In June
2013, Christopher Cleveland of Springfield, Virginia was arrested
by U.S. Park Police when he was found to be photographing women in dresses
seated above him on the Lincoln Memorial steps. After his arrest, several
photos of women’s crotches and buttocks were found on Cleveland’s camera. D.C.
Superior Court Judge Juliet McKenna recently threw
out charges of voyeurism that were made against Cleveland for taking these photos
at the monument. Judge McKenna said of Cleveland: “The fact that the Defendant
was intentionally photographing publicly exposed areas of women’s clothed and
unclothed bodies … is repellent and disturbing.” However, more importantly, she
stated: “Mr. Cleveland is not alleged to have engaged in any covert or
surreptitious behavior but rather was taking photos in broad daylight.”
In an age
where privacy is rapidly declining both online—government and corporate data
collection—and in public—surveillance cameras, drones, etc.—this appears to be
yet another blow against the right to privacy. However, the truth is that this
decision is an important defense of the First Amendment.
In regards
to reasonable expectation of privacy against government intrusion, the Supreme
Court has held that there exists an expectation of privacy. The Court held in Katz v.
United States (1967) that
what a person “seeks to preserve as private, even in an area accessible to the
public, may be constitutionally protected.” Justice Harlan’s concurring opinion
created a test—which was later adopted by the Court in Smith v.
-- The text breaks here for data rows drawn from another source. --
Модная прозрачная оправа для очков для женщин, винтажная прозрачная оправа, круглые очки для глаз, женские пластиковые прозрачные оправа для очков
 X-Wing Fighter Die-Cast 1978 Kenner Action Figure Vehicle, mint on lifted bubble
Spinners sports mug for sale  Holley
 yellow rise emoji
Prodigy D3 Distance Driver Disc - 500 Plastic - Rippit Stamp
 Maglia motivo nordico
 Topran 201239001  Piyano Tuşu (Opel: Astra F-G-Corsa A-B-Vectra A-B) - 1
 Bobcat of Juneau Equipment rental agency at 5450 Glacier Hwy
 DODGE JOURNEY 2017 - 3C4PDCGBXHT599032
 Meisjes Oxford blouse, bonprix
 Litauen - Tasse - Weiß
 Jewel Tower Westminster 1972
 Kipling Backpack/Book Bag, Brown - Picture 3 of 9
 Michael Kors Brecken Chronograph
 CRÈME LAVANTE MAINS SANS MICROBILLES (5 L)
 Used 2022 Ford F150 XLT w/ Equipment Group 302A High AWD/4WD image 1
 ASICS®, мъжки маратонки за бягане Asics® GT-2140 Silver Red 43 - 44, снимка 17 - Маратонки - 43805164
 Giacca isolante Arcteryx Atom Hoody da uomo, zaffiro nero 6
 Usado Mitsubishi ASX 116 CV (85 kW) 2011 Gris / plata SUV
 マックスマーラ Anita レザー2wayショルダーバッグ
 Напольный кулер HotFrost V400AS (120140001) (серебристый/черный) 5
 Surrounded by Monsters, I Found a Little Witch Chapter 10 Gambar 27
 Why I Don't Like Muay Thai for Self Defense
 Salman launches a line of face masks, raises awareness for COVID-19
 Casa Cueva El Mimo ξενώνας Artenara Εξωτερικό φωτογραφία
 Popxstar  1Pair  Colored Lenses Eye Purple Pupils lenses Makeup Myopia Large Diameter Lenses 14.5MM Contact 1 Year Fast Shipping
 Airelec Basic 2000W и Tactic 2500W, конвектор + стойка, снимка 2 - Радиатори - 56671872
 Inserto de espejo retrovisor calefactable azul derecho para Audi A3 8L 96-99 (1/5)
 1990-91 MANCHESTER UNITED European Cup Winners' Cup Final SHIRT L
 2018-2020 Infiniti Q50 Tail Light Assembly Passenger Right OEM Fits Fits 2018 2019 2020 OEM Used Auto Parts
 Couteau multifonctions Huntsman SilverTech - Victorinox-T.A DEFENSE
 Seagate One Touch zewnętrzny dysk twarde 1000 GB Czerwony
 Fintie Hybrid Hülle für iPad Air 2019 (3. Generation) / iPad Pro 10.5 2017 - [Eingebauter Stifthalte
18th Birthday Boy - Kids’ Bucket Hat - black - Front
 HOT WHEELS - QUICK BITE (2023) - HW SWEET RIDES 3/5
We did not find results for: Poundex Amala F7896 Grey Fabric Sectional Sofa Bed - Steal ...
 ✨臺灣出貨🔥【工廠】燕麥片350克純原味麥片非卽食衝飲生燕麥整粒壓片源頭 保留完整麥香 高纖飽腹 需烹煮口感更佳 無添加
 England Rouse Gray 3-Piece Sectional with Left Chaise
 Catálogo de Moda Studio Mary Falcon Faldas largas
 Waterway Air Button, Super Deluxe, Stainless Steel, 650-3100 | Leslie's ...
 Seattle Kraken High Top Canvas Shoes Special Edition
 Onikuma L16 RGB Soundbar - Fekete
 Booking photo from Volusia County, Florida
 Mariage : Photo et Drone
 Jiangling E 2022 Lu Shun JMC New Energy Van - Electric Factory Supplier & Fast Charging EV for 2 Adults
Maryland (1979)—for determining whether a government search is
reasonable under the Fourth Amendment. This test contains two parts. First, “a
person [must] have exhibited an actual (subjective) expectation of privacy,”
and second, that “expectation [must] be one that society is prepared to
recognize as ‘reasonable.’”
The Katz
test should also be employed in cases like Christopher Cleveland’s. The women
photographed were in public in broad daylight. They were not in a restroom or a
fitting room. Cleveland had not set up hidden recording equipment. He openly
took the photographs. Nothing that Cleveland captured with his camera was
something that could not be seen with the naked eye.
But is this
just another version of the misogynistic claim that women who dress
provocatively in public are asking to be raped? No. There is every difference
in the world between sexual assault and photography. If one does not wish something
to be seen and possibly photographed, one needs to keep it hidden and not
reveal it in public. Protecting individuals from being looked at in public and
being the object of sexual thoughts is ridiculously paternalistic and a seed
from which to grow totalitarianism. Thought crime is eerily Orwellian, and any
and all such laws against thought violate the natural right to liberty.
Photographs
are a form of artistic expression protected by the First Amendment. The
photographs taken by Cleveland may be objectionable, but they do not fit into
any category of speech that is not protected by the First Amendment—e.g.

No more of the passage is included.